16.3.2. Configuration

geomesa-spark-core provides an API for accessing geospatial data in Spark, by defining an interface called SpatialRDDProvider. Different implementations of this interface connect to different input sources. These different providers are described in more detail in Usage below.

GeoMesa provides several JAR-with-dependencies to simplify setting up the Spark classpath. To use these libraries in Spark, the appropriate shaded JAR can be passed (for example) to the spark-submit command via the --jars option:

--jars file://path/to/geomesa-accumulo-spark-runtime_2.11-$VERSION.jar

or passed to Spark via the appropriate mechanism in notebook servers such as Jupyter (see Deploying GeoMesa Spark with Jupyter Notebook) or Zeppelin.

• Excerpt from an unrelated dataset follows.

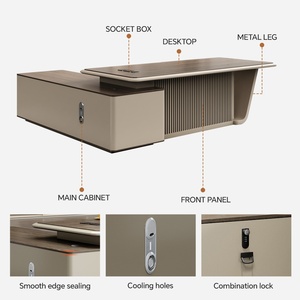 Bureau de direction moderne Gestion pratique des câbles en bois Assemblage facile Solution de conférence extensible sous la table pour la maison - Product Image 4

The shaded JAR should also provide the dependencies needed for the Converter RDD Provider and GeoTools RDD Provider, so these JARs may simply be added to --jars as well (though in the latter case additional JARs may be needed to implement the GeoTools data store accessed).

16.3.3. Simple Feature Serialization

To serialize RDDs of SimpleFeatures between nodes of a cluster, Spark must be configured with a Kryo serialization registrator provided in geomesa-spark-core.

Note

Configuring Kryo serialization is not needed when running Spark in local mode, as jobs will be executed within a single JVM.

Add these two entries to $SPARK_HOME/conf/spark-defaults.conf (or pass them as --conf arguments to spark-submit):

spark.serializer        org.apache.spark.serializer.KryoSerializer
spark.kryo.registrator  org.locationtech.geomesa.spark.GeoMesaSparkKryoRegistrator

Note

Alternatively, these may be set in the SparkConf object used to create the SparkContext:

conf.set("spark.serializer", "org.apache.spark.serializer.KryoSerializer")
conf.set("spark.kryo.registrator", classOf[GeoMesaSparkKryoRegistrator].getName)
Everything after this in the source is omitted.